Data items:
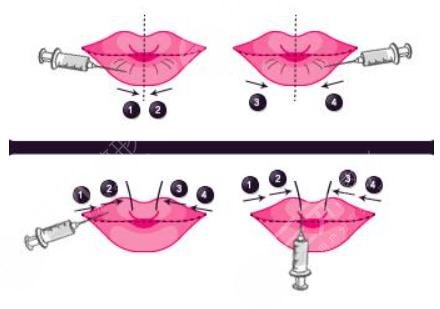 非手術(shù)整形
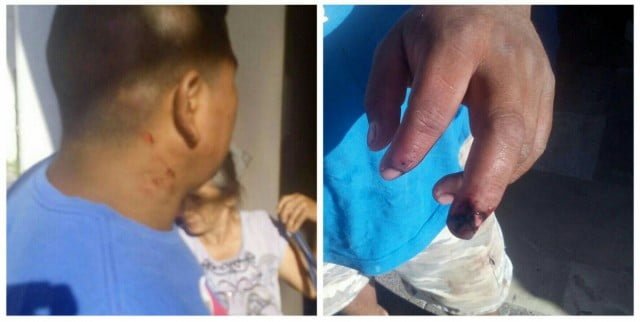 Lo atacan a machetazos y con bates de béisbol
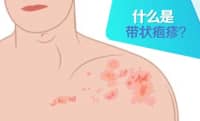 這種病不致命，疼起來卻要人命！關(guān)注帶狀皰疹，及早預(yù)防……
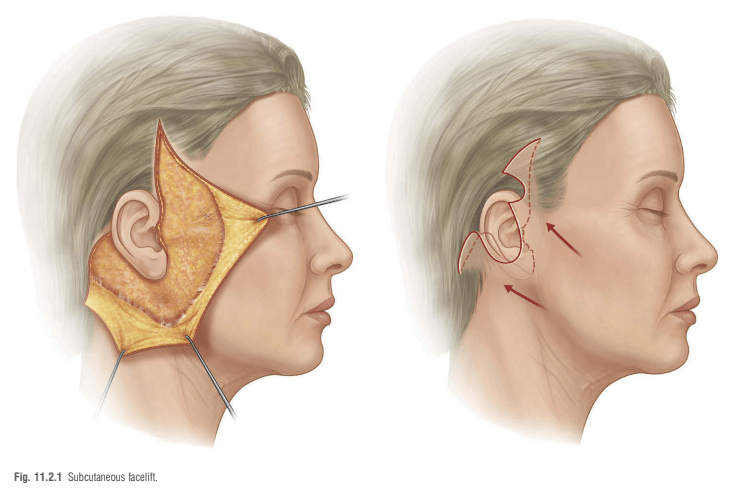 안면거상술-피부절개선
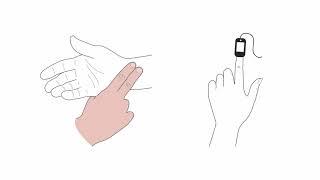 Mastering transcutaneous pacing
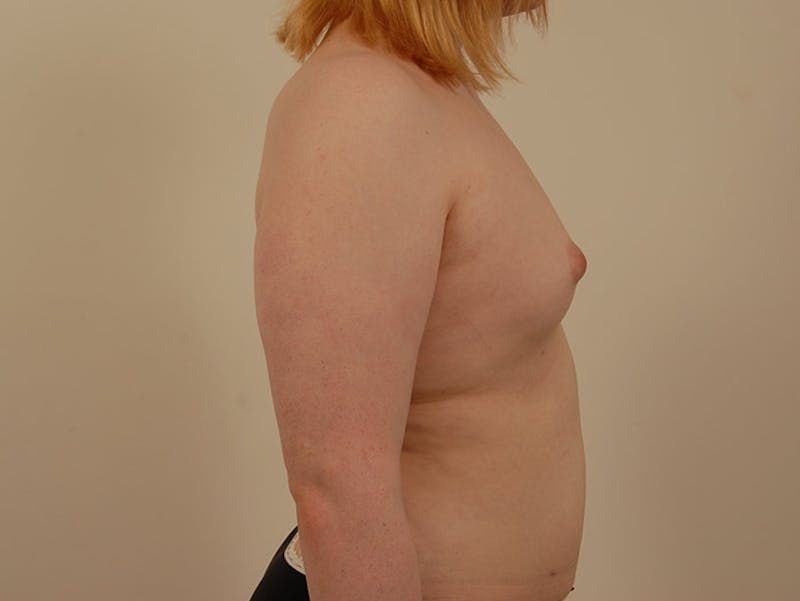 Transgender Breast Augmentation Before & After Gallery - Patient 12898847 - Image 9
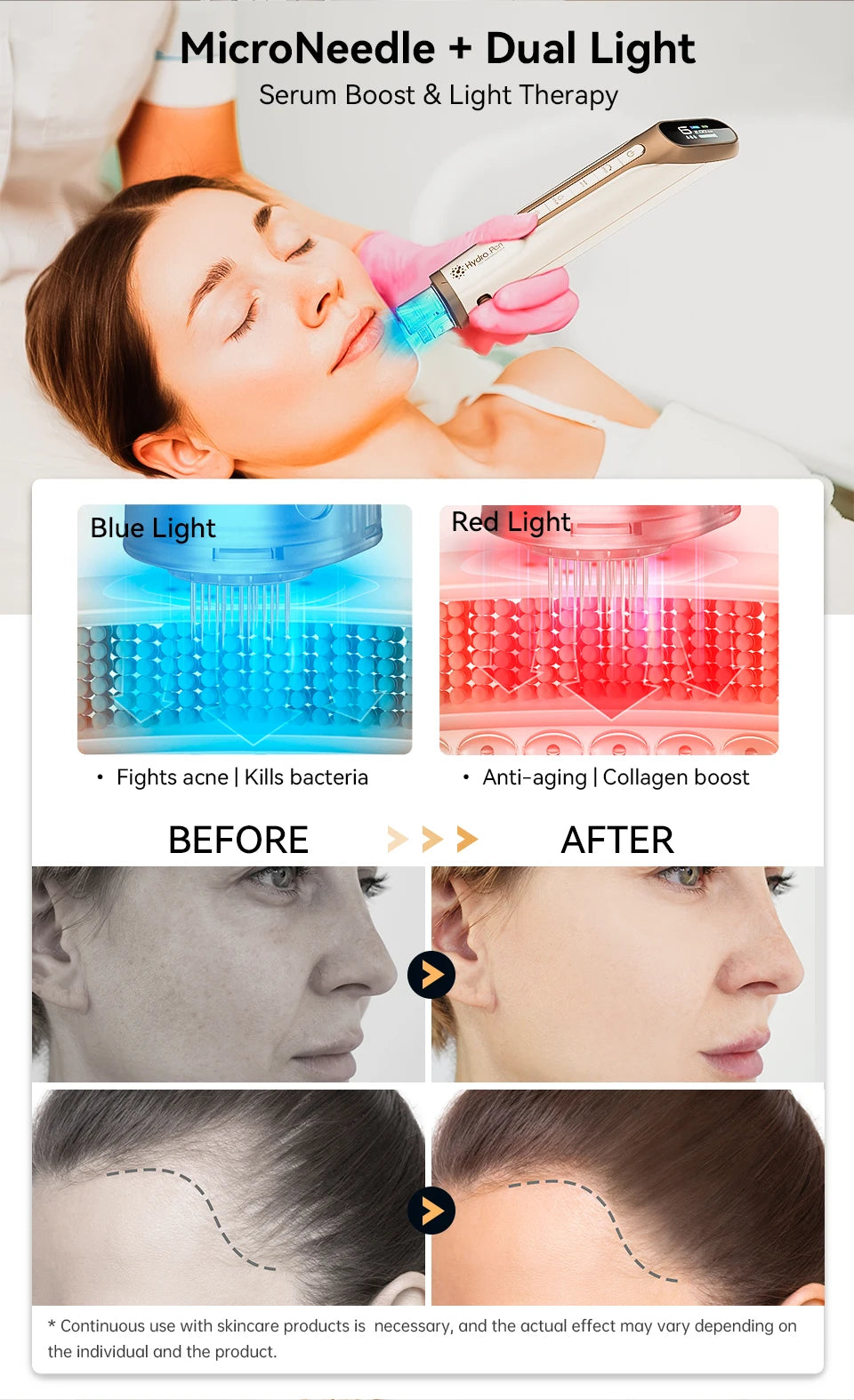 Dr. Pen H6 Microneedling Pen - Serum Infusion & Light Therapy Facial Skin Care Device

→ **ASSIGNMENT**
Where the line containing "Mastering transcutaneous pacing" appears in the data above, begin there and output every line through the last, exactly and without pictures.

→ **ANSWER SECTION**
 Mastering transcutaneous pacing
 Transgender Breast Augmentation Before & After Gallery - Patient 12898847 - Image 9
 Dr. Pen H6 Microneedling Pen - Serum Infusion & Light Therapy Facial Skin Care Device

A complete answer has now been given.